I use a 5V 3A mains adapter as input for a DC-DC step down converter:
https://www.aliexpress.com/item/LM2596-DC-DC-adjustable-step-down-module-with-digital-voltmeter-display-LM2596S-regulated-power-supply-module/32800211016.html

That converter can deliver 1.25V-37V at 3A on output side, I use it to generate 4V.

By above lipo calculation and the measured 3.8V under full speed, the lipo should deliver 0.45*25/3.8=2.96A.

I don't understand why the 3A mains adapter with step down converter is not able to power the drone the same as lipo (the electronic starts, but when trying to turn the drone motors, only two of the propellers move single digit degree and then stop). What am I missing? How do I have to power the drone via cable from ground in order to allow endless inhouse flight?

Try adding a big capacitor in parallel with the power supply. Maybe 1000uF to 10,000uF. Put it as close as possible to the drone, like directly on the battery leads.

That's not how you calculate the current coming out of a battery. 450mAh @ 25C means it can provide 11.25A maximum (at least in theory)...not at 1V but at it's normal voltage. To calculate the current based on the battery volt drop you would need to know the effective impedance of the battery which you don't. It's usually easier and a lot more useful to measure the current.

So basically the lipo can provide up to 11.25A. Your power supply can provide around 3A. It's not exactly surprising that it's not good enough.

Steve

450mAh @ 25C means it can provide 11.25A maximum (at least in theory)...not at 1V but at it's normal voltage.

Thank you for correcting, nominal voltage for that lipo is 3.7V, and lipo can provide maximum of 11.25A at 3.7V (41.625W).

I have a laptop mains adapter with 20V 8.5A, will try that.
Just ordered step down converter that can do 12A:
https://www.amazon.de/gp/product/B00HV4EPG8

Will test on Monday whether 8.5A are sufficient to let drone fly.

P.S:
Given that I burned normal breadboard cables with some amps for motors in the past, the idea of using very light 0.2mm cables seems unrealistic if pushing definitely more than 3A through. Best would be cables that are light weight and still can deal with say 10A ...

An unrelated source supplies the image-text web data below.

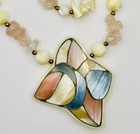 Vintage Rose Quartz Shell Necklace Lee Sands Mother Of Pearl Inlay Gorgeous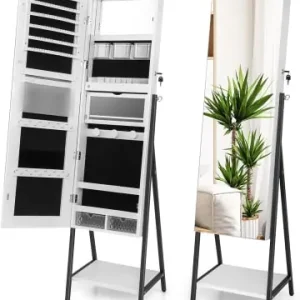 COSTWAY Schmuckschrank mit Spiegel in Weiß günstig kaufen | limango Preisreduziert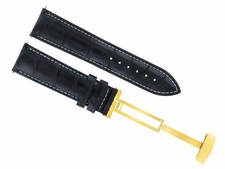 19MM LEATHER WATCH BAND STRAP DEPLOYMENT CLASP BUCKLE FOR OMEGA WATCH BLACK GOLD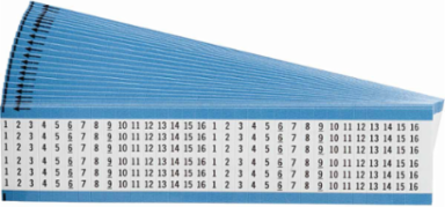 Wire Marker Card - Repositionable Vinyl Cloth, Legend 1 to 16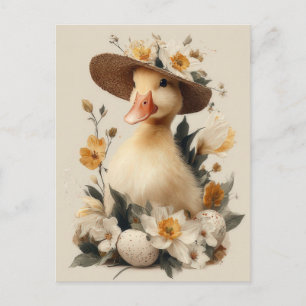 Osterkarte mit Blumen und Osterküken Postkarte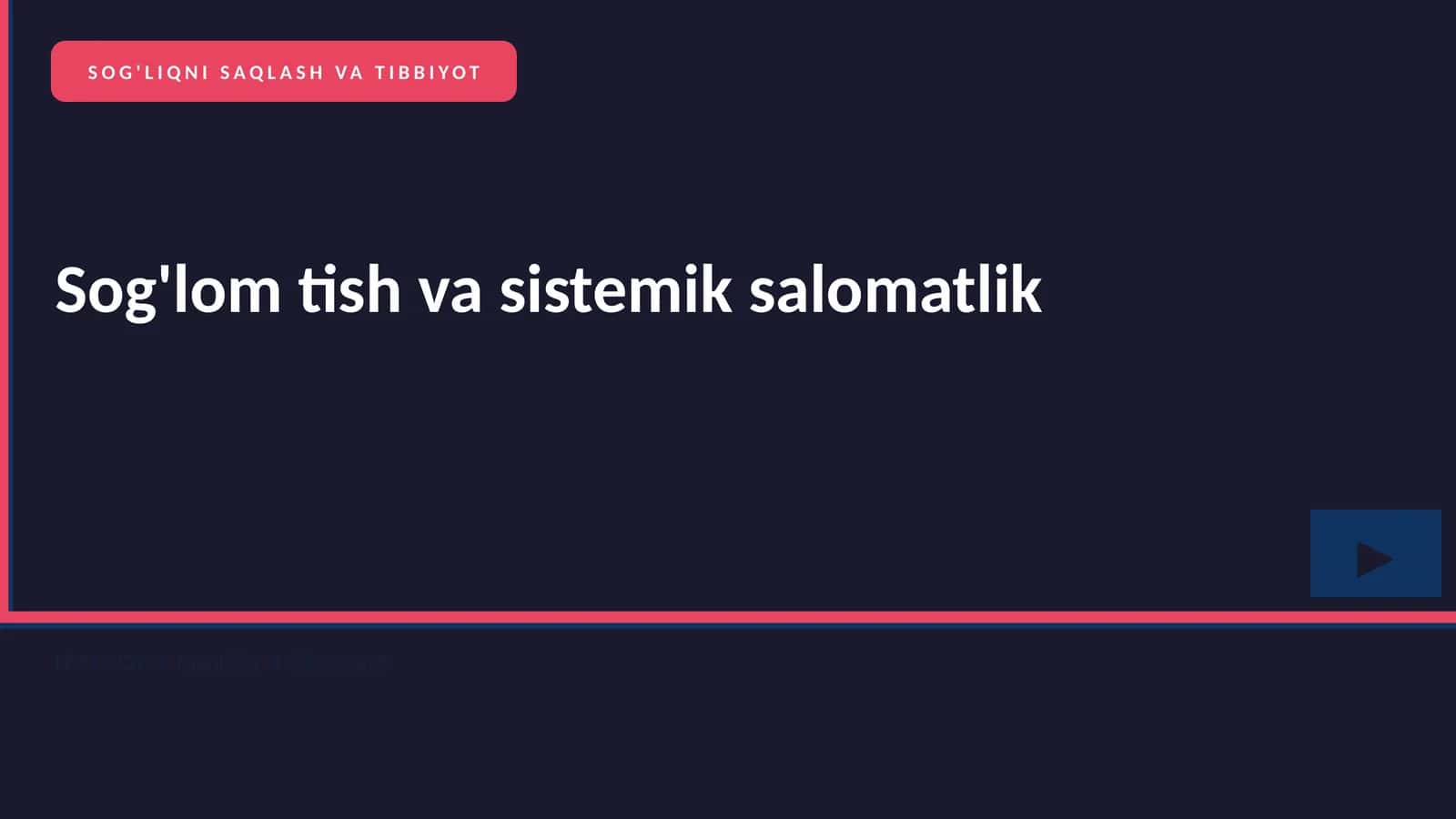 SOG'LIQNI SAQLASH VA TIBBIYOT 1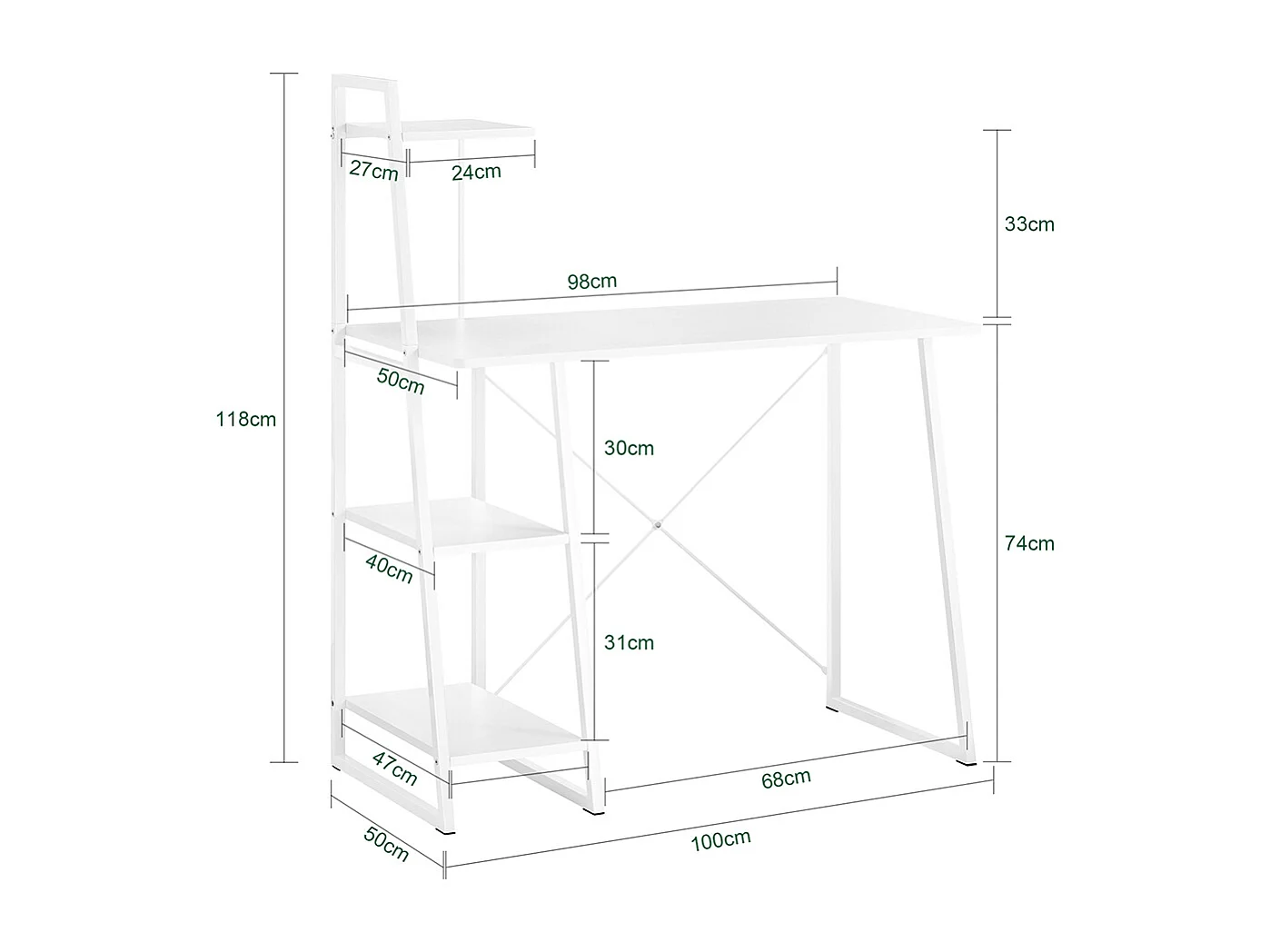 Bureau Informatique, Secrétaire Table Plan De Travail Avec 3 Étagères Cadre Métal -blanc, Fwt29-w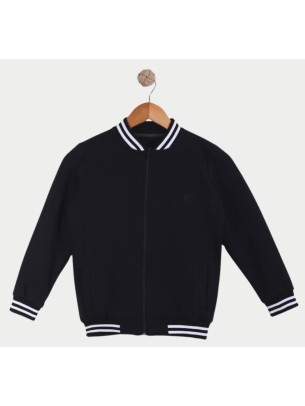 Παιδική Ζακέτα Φούτερ με Φλις Για Αγόρι 6-9 Χρονών Μαύρο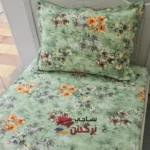 نیم ست کاورکشدار تخت و روبالشتی ساتن ابریشم گلدار کد 136 - Image 3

Give up on the idea of a drone being able to lift the extra weight of a high current supply cable, its
not going to happen.

11A at 3.7V is about 0.3 ohm load. thus the wires should be at most 0.03 ohms, which for 10m length
would mean perhaps 2kg of copper or aluminium in the cables...

Low voltage power doesn't travel long distances without stupidly thick cables. The only hope for tethered
flight is to send the power at a higher voltage and buck-convert on the rotorcraft - a high power buck converter
may weigh a lot more than the LiPo battery.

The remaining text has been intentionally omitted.